WORK ORDER - Copy each line of the following material exactly.

⁂

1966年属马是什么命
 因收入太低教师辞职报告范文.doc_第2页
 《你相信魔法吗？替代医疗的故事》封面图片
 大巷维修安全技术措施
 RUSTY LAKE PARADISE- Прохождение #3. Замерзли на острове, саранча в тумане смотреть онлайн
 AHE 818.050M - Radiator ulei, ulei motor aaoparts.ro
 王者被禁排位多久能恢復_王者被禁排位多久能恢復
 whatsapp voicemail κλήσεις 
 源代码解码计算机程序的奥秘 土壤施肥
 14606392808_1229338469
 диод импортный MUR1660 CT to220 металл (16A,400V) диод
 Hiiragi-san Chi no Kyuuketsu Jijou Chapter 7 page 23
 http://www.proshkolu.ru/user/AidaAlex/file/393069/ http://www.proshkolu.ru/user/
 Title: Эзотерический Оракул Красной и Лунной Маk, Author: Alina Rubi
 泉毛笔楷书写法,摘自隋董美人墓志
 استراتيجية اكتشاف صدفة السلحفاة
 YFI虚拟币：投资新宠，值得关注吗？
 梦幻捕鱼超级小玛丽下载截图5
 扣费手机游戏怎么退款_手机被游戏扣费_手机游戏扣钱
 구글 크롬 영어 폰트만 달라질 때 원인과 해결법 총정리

⁂

PROBLEM SOLUTION -
1966年属马是什么命
 因收入太低教师辞职报告范文.doc_第2页
 《你相信魔法吗？替代医疗的故事》封面图片
 大巷维修安全技术措施
 RUSTY LAKE PARADISE- Прохождение #3. Замерзли на острове, саранча в тумане смотреть онлайн
 AHE 818.050M - Radiator ulei, ulei motor aaoparts.ro
 王者被禁排位多久能恢復_王者被禁排位多久能恢復
 whatsapp voicemail κλήσεις 
 源代码解码计算机程序的奥秘 土壤施肥
 14606392808_1229338469
 диод импортный MUR1660 CT to220 металл (16A,400V) диод
 Hiiragi-san Chi no Kyuuketsu Jijou Chapter 7 page 23
 http://www.proshkolu.ru/user/AidaAlex/file/393069/ http://www.proshkolu.ru/user/
 Title: Эзотерический Оракул Красной и Лунной Маk, Author: Alina Rubi
 泉毛笔楷书写法,摘自隋董美人墓志
 استراتيجية اكتشاف صدفة السلحفاة
 YFI虚拟币：投资新宠，值得关注吗？
 梦幻捕鱼超级小玛丽下载截图5
 扣费手机游戏怎么退款_手机被游戏扣费_手机游戏扣钱
 구글 크롬 영어 폰트만 달라질 때 원인과 해결법 총정리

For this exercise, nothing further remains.